You can’t completely avoid paying inheritance tax in the Philippines but you can minimize the amount your heirs or beneficiaries have to pay in the future. Here are some steps to consider:
You can sell your assets during your lifetime to your intended heirs or beneficiaries. You will still have to pay for taxes, but it’s lower compared to estate taxes.
For instance, if you sell a property when you’re still alive, the sale will be subject to a 6% capital gains tax and other taxes. These may seem a lot, but the taxes are only imposed on the asset you’re selling.
However, make sure that your heirs can buy the assets. The assets should also be in line with current market values. You also have to ensure that you’re not doing a simulated sale or transferring an asset to look like a contract of sale is a donation. This is illegal and will only result in tax issues.

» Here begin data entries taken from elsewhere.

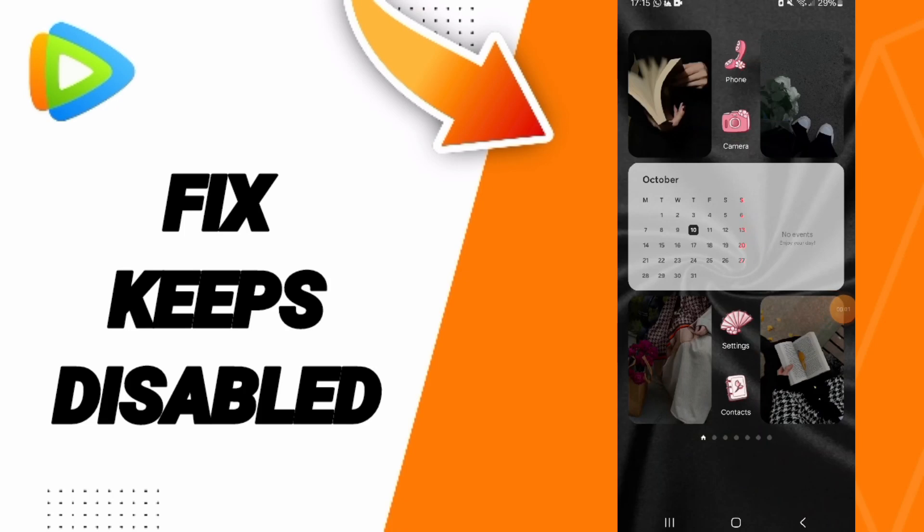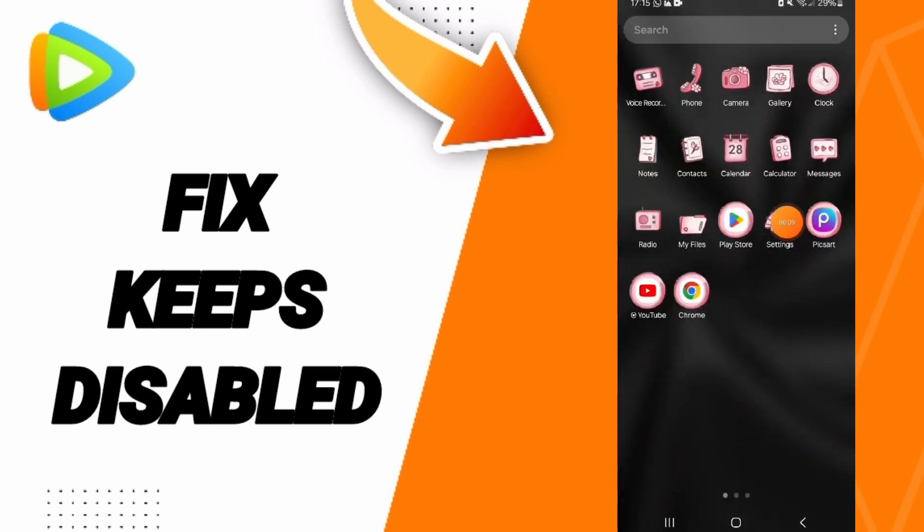Hello everyone, today we'll talk about how to solve the problem of 'keeps disabled' on the WeTV application.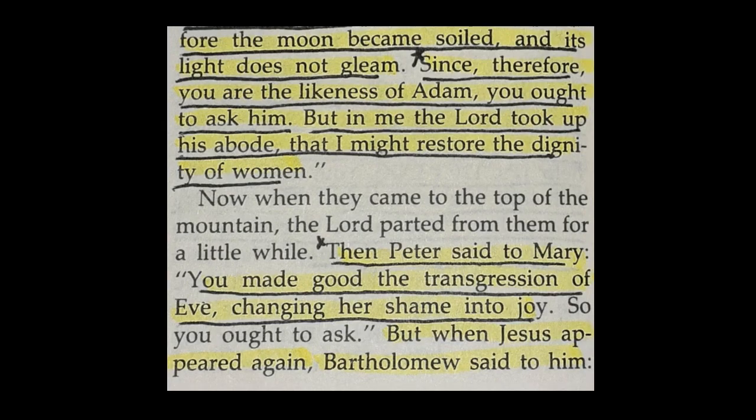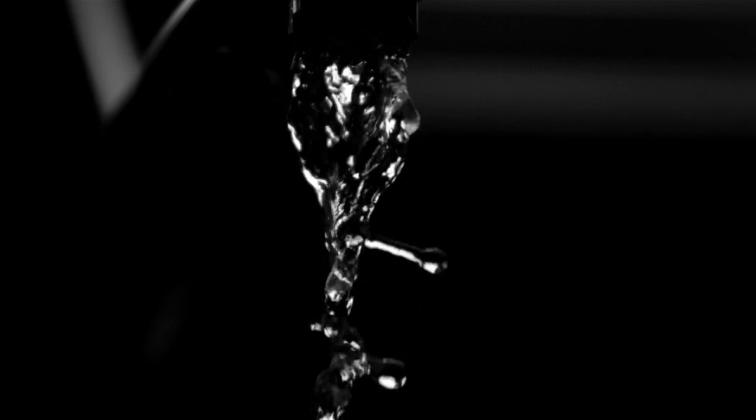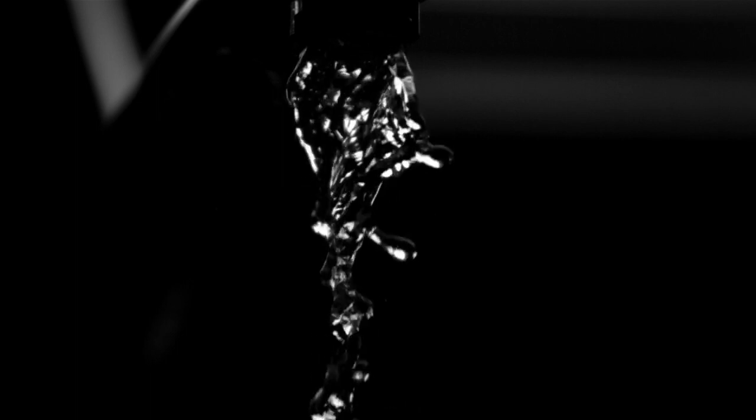In the Gospel of Bartholomew, the disciples asked Mary how she conceived the incomprehensible, and she said revealing this mystery would cause fire to spew from her mouth.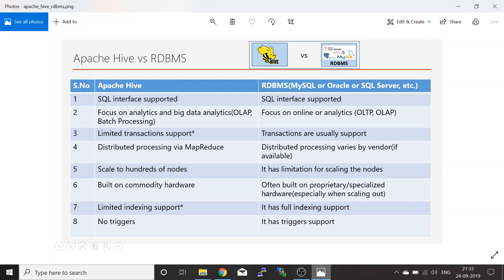The sixth point is that you can build an Apache Hadoop cluster with Hive using commodity hardware. With RDBMS, you need proprietary or specialized hardware if you want to build a scale-out cluster architecture. Additionally, Apache Hive has indexing support, but it is very limited — you can create an index on a particular column in Hive tables, but it requires some configuration.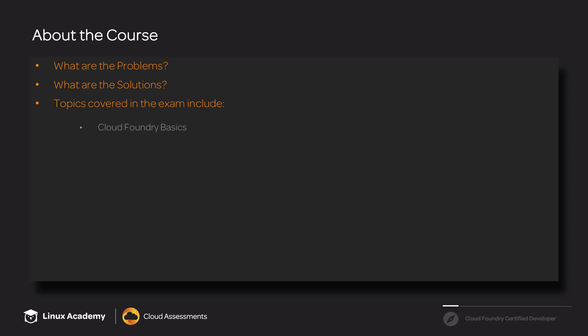We'll also talk about how to set up a Pivotal Cloud Foundry account, as well as installing the CLI. And then we're going to go through some of the CLI basics and some tricks and tips you can use to help yourself while you're taking the exam. We'll also be covering orgs, roles, and spaces. And finally, this section will conclude with talking about manifests.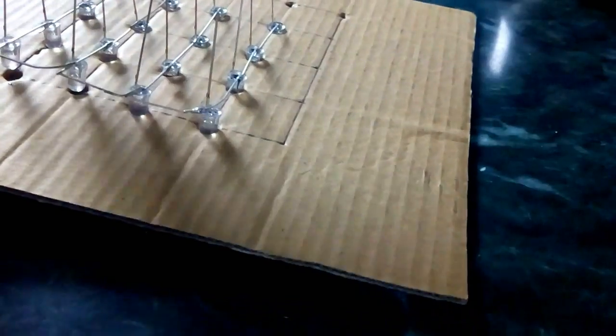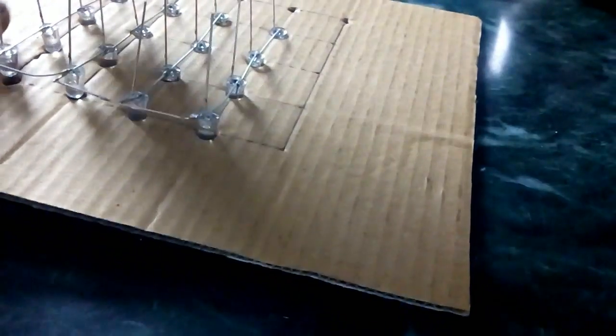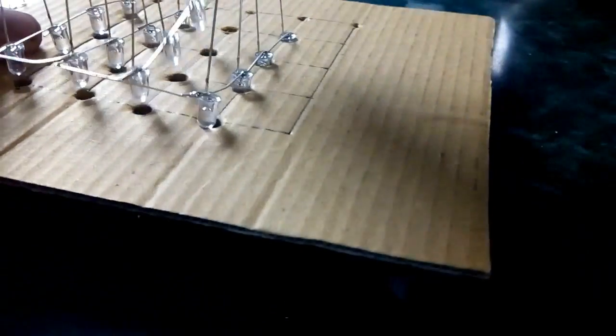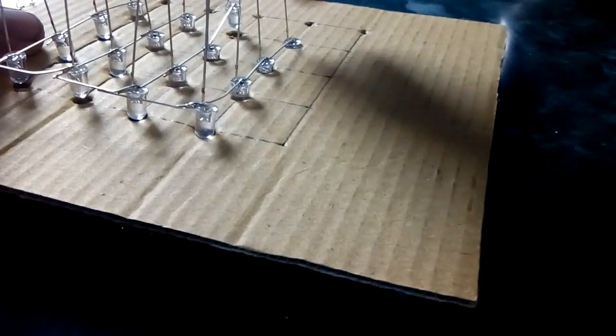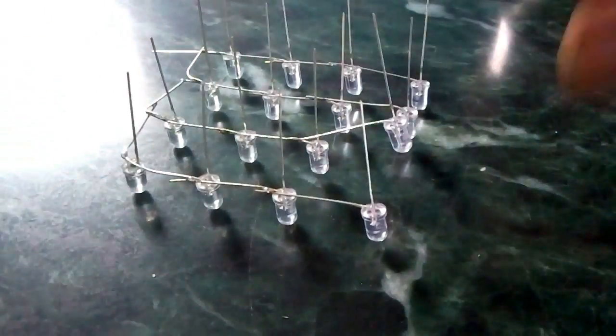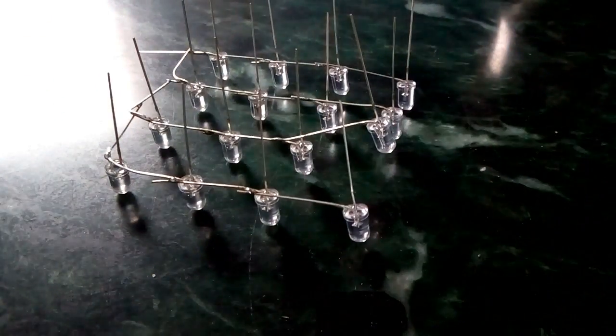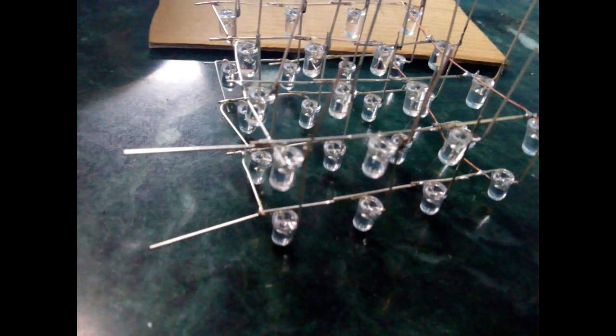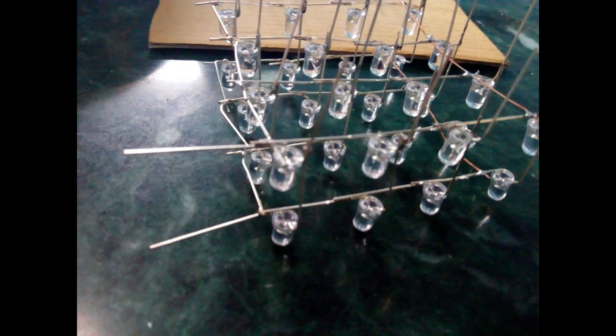Now pull out all the LEDs from the cardboard and make sure you don't break any connection. Now this could be termed as an LED matrix. Join two LED matrices one over the other and solder their negative poles with each other. Do the same with all four matrices and yes, our cube is ready.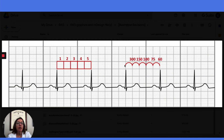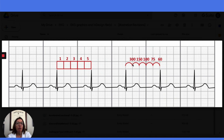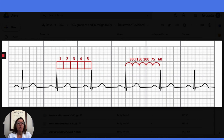Alternatively, with this method you can memorize this number sequence to determine the heart rate. If you go just one box, that's 300; two boxes, 150; three boxes, 100; four boxes, 75; five boxes, 60, and so on. The math behind this is that one box gives you 300 divided by 1, which is 300; two boxes gives you 300 divided by 2. It's basically the same calculation, just memorized as a quick reference. This is the big block method — definitely an option, but in my opinion the small box method is better.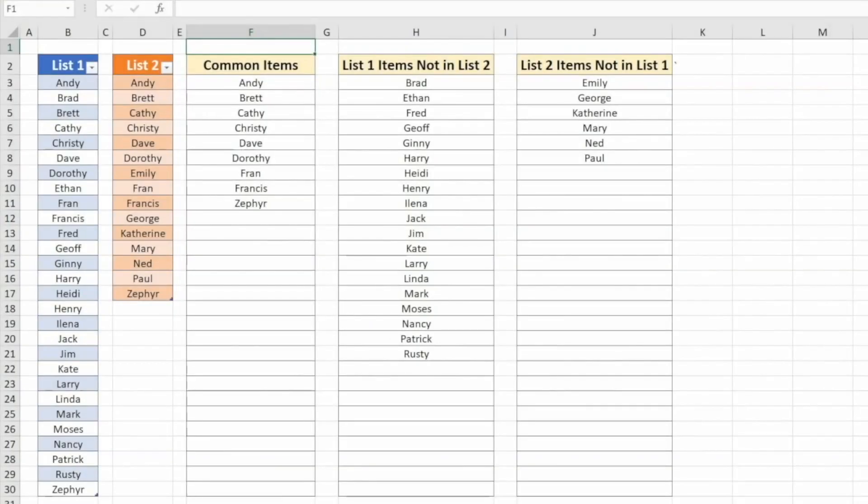In this video, I'm going to show you how to find the common items and also the missing items between two lists using a single formula.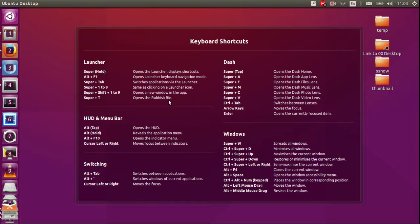So in a nutshell that's pretty much it guys. That is just how to see the keyboard shortcuts in Ubuntu 15.10. No worries guys, hope you've enjoyed.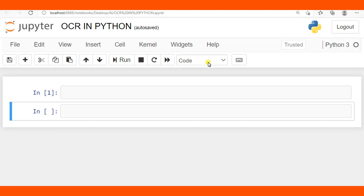Welcome to this tutorial. We are going to learn OCR — optical character recognition — in Python, where we will learn how to convert a scanned PDF into an editable or searchable PDF. We'll cover two methods: number one, we'll create a Python function to convert scanned PDF to searchable PDF, and number two, we'll do it using the terminal via the command line.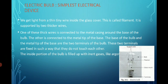One of these thick wires is connected to the metal casing around the base of the bulb, and the other is connected to the metal tip of the bulb. The base of the bulb and the metal tip of the base are the two terminals.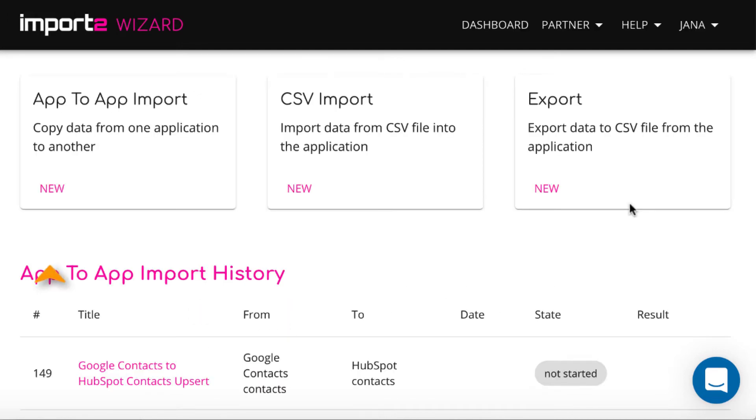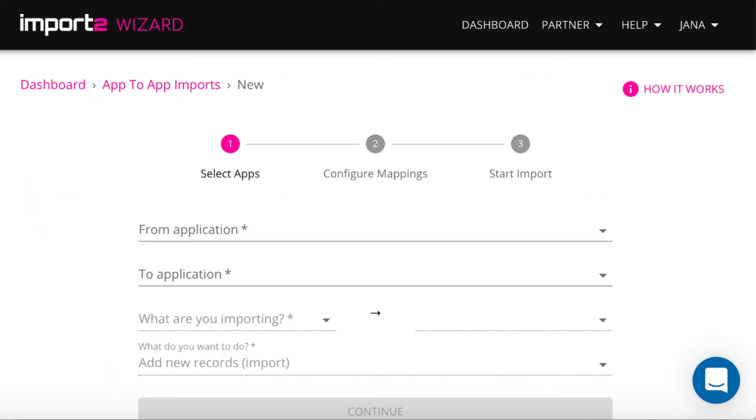Select app-to-app import from the dashboard. Add Google Contacts connection to Import2Wizard.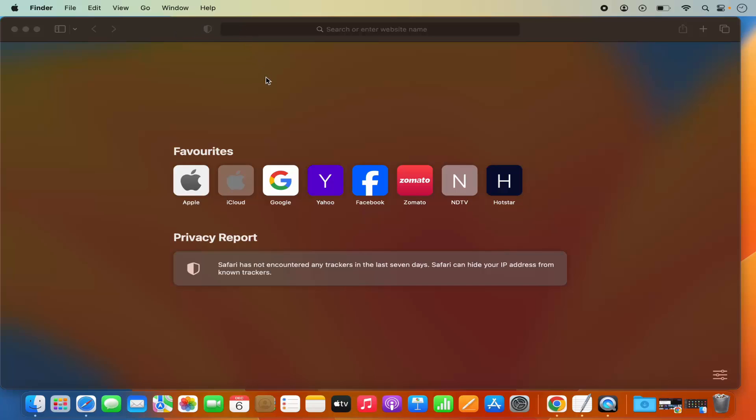So this is how you can remove an extension from your Safari browser. I hope you've enjoyed this video and I will see you in the next video.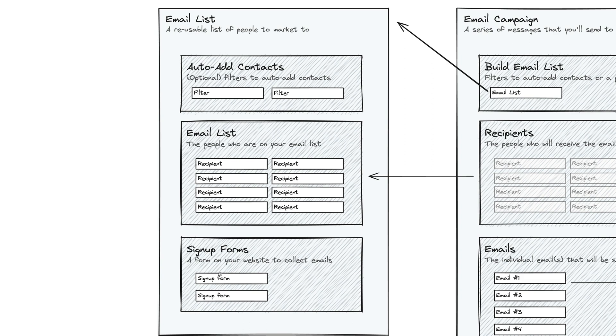You can build these signup forms in your email list, and then you embed those onto your website. And when anybody fills out that signup form, they're added to the email list. So really the most effective way to use email lists is to build signup forms, have folks fill those out on your website, and then they're added to an email list, in which case you can then use them in an email campaign.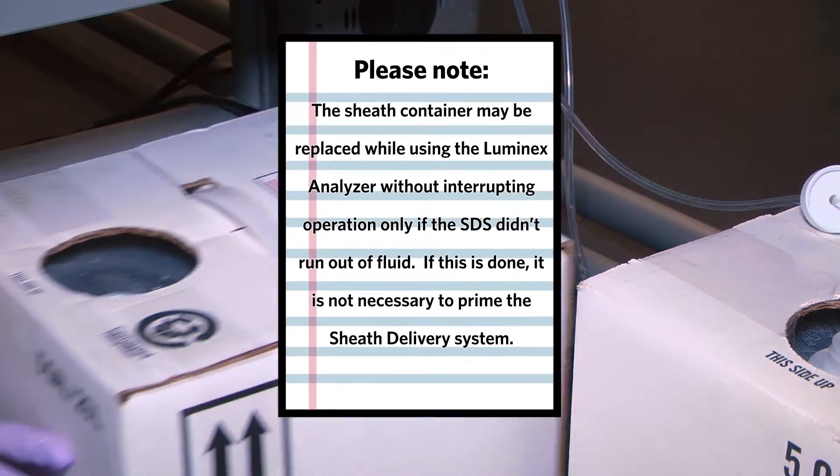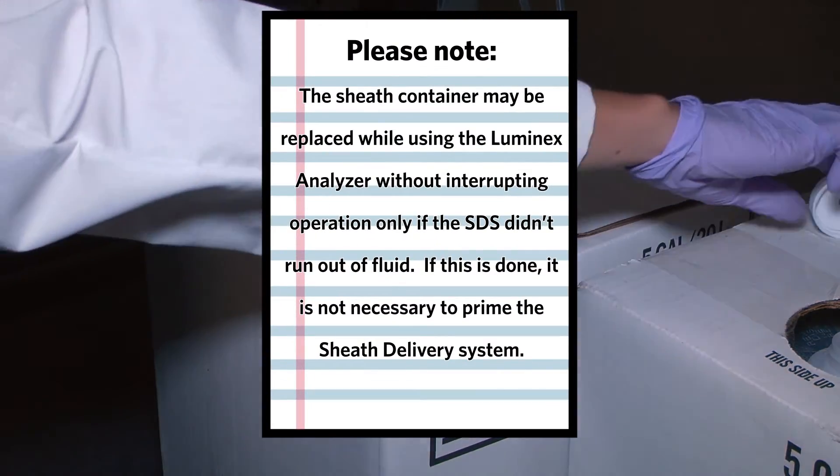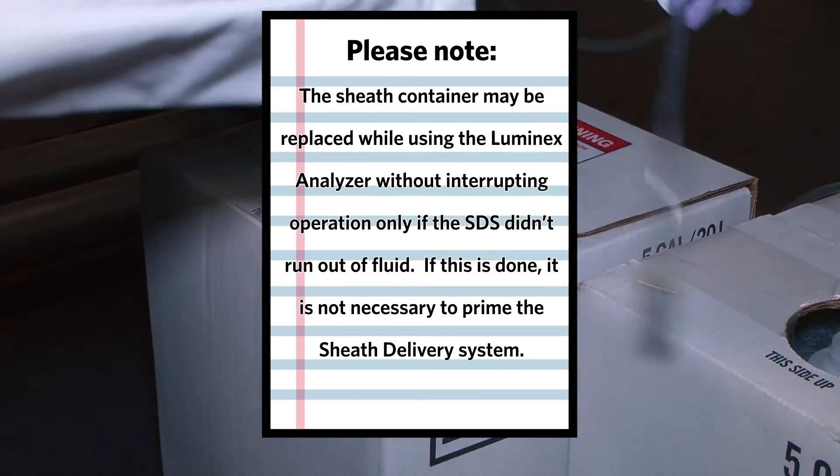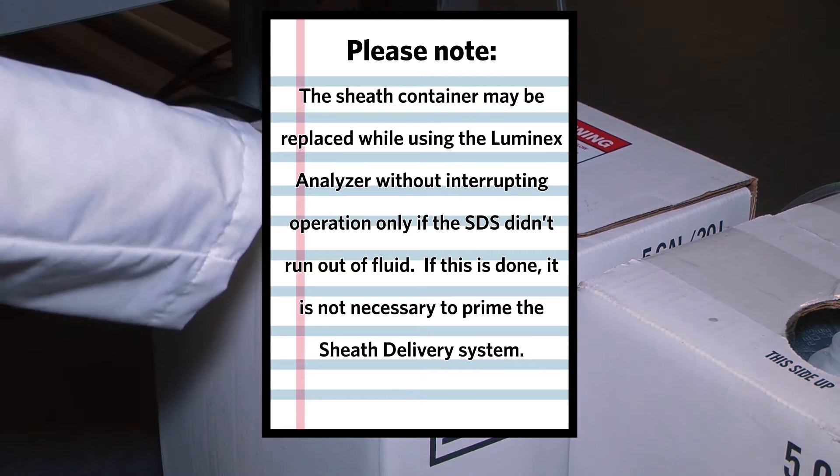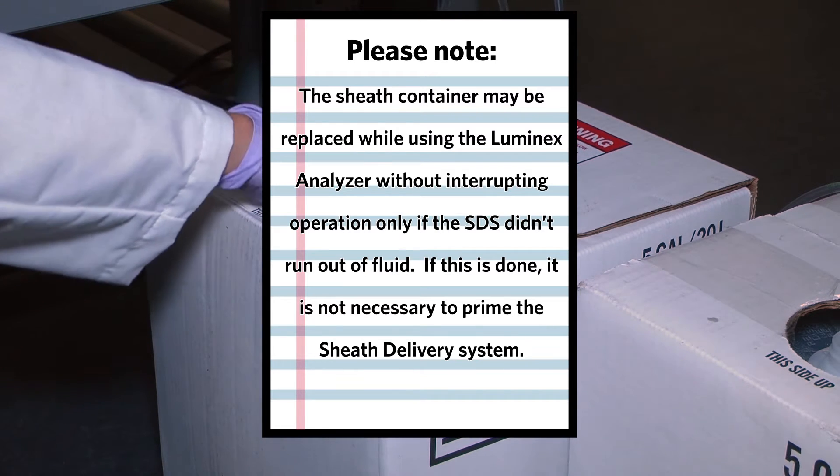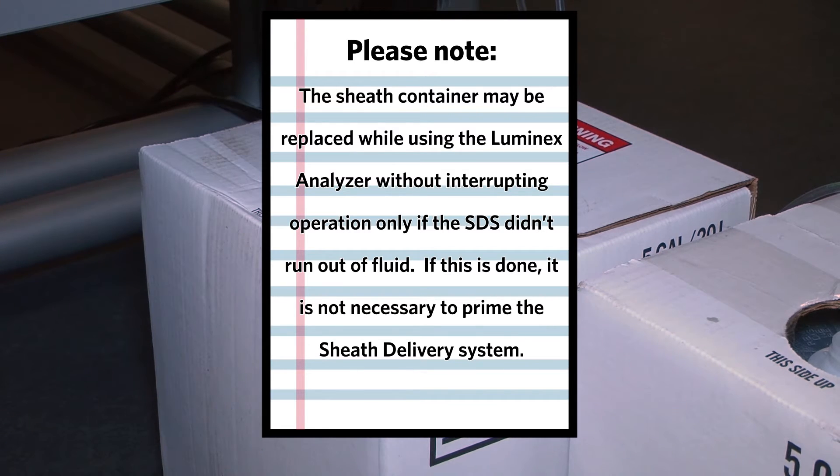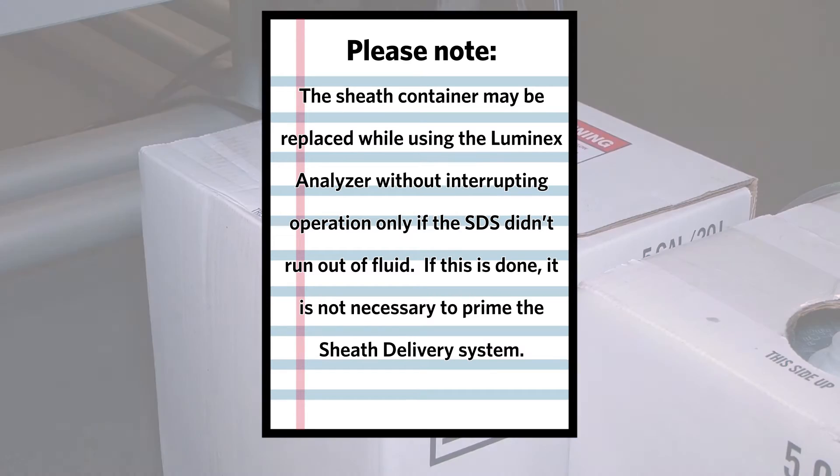Please note, the sheath container may be replaced while using the Luminex Analyzer without interrupting operation only if the SDS didn't run out of fluid. If this is done, it is not necessary to prime the Sheath Delivery System.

You can also turn over your assets to your beneficiaries while you’re still living. You will then have fewer assets in your name, reducing the cost of the estate tax. However, you will have to pay for the donor’s tax based on the total net gifts you made during a calendar year. The rate is generally 2% to 15% of the net gifts’ value.
Consider getting life insurance and make your heirs your beneficiaries of the policy. Your assets will then be passed on to them when you pass. They can use the policy’s proceeds to pay for the estate tax. When you die, your insurance proceeds are transferred to your beneficiaries in full. These are also exempted from estate tax if the beneficiaries are assigned as irrevocable.
Everyone wants to leave a legacy, but it’s also important how leaving such a legacy can financially affect your loved ones. Knowing about estate tax in the Philippines can help you plan for your estate and the inevitable, making sure that your loved ones are taken care of even when you’re gone.